## [Task description]
Every line of the material is to be quoted verbatim, minus the pictures.

________________________________________

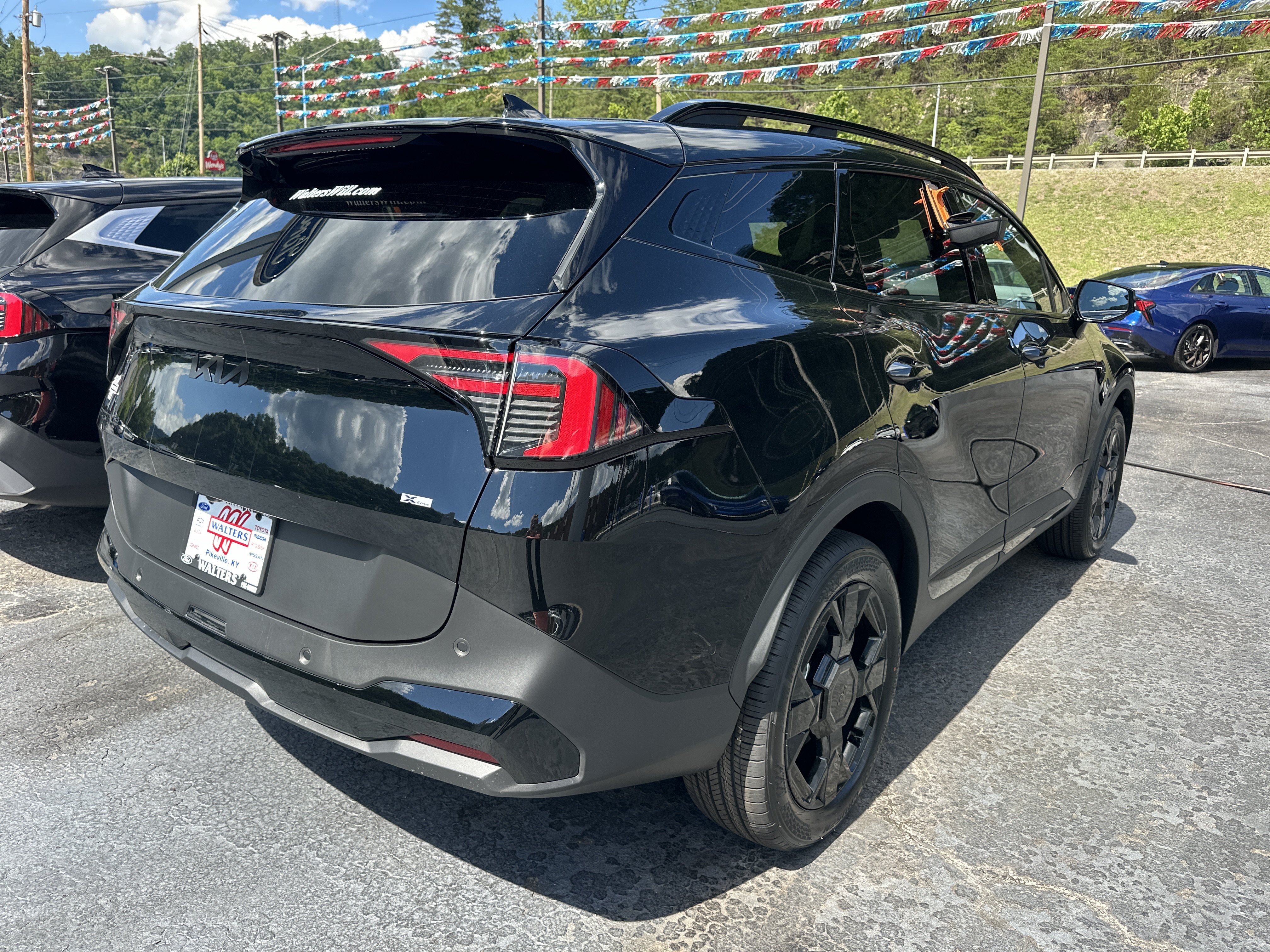 New 2026 Kia Sportage X-Line w/ X-Line Technology Package AWD/4WD image 2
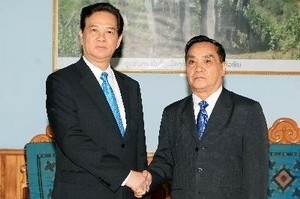 Premierminister Vietnams und Laos treffen sich in Nghe An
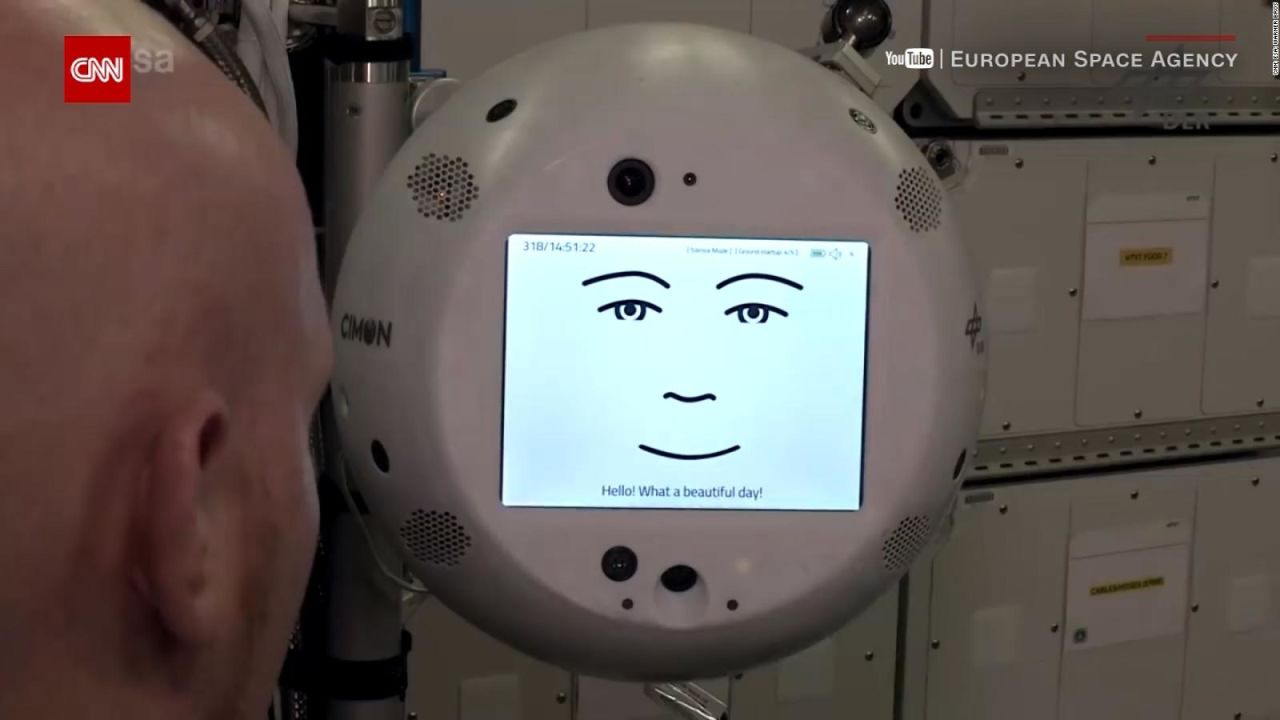 CNNE 593757 - cimon, el nuevo robot de la eei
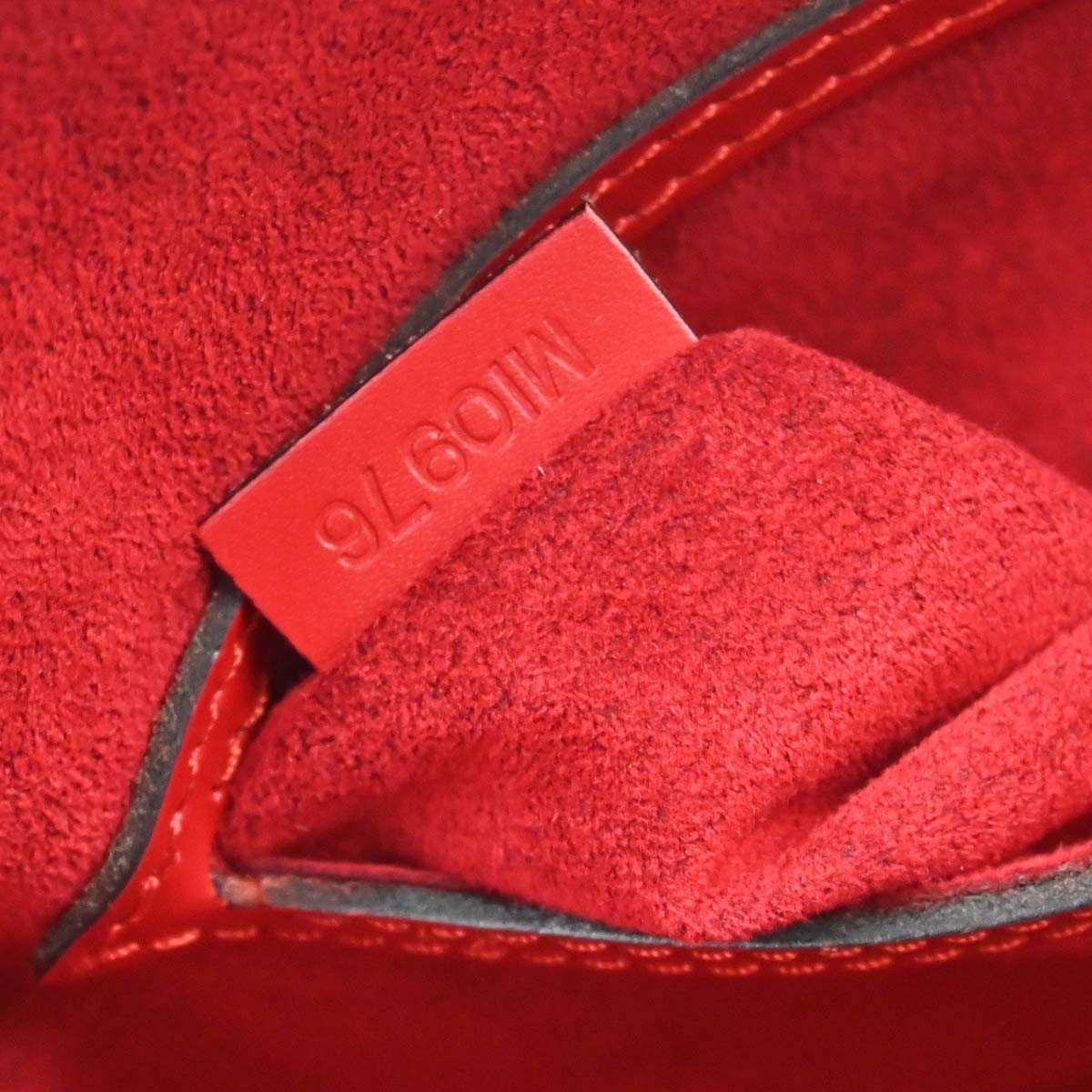 Louis Vuitton Alma Handbag Epi Leather Red Leather Handbag (Pre-Owned)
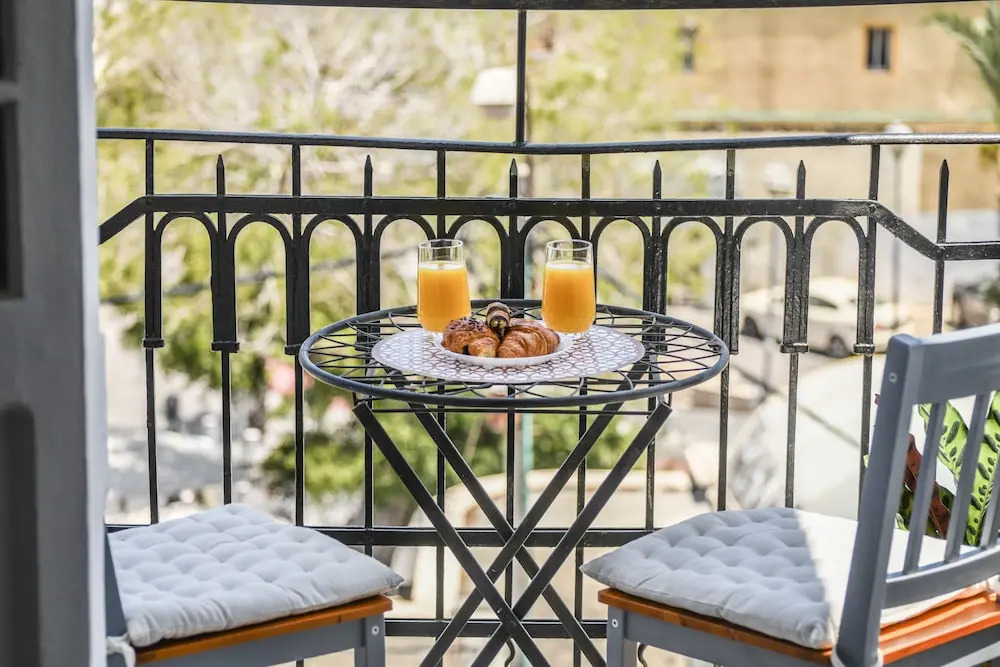 Vintage Charm 1BR Apt w Balcony & View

________________________________________

## [Exercise answer]
 New 2026 Kia Sportage X-Line w/ X-Line Technology Package AWD/4WD image 2
 Premierminister Vietnams und Laos treffen sich in Nghe An
 CNNE 593757 - cimon, el nuevo robot de la eei
 Louis Vuitton Alma Handbag Epi Leather Red Leather Handbag (Pre-Owned)
 Vintage Charm 1BR Apt w Balcony & View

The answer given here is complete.